* Exercise inputs:
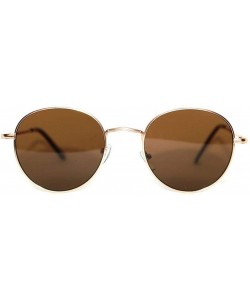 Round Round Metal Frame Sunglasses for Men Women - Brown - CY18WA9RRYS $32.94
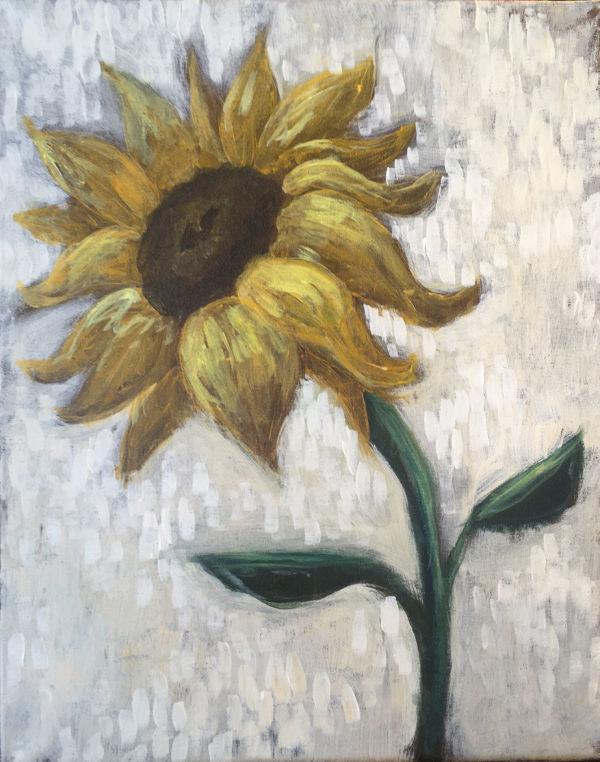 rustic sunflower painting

---

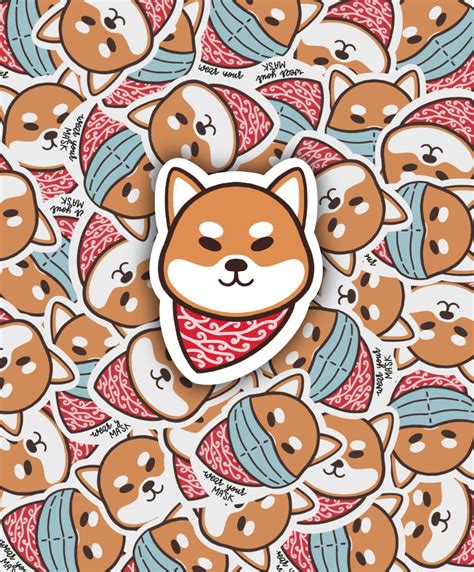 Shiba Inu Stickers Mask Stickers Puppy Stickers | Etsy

* * *

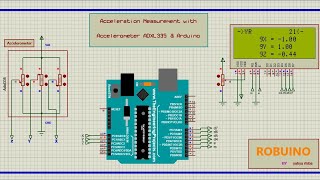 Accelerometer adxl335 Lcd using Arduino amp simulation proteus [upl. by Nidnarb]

* Task statement: Working from the entries above, reproduce exactly and only the lines beginning with the line that has "Round Round Metal" and ending with the line that has "rustic sunflower painting"; omit all pictures.

* Answer to the exercise:
 Round Round Metal Frame Sunglasses for Men Women - Brown - CY18WA9RRYS $32.94
 rustic sunflower painting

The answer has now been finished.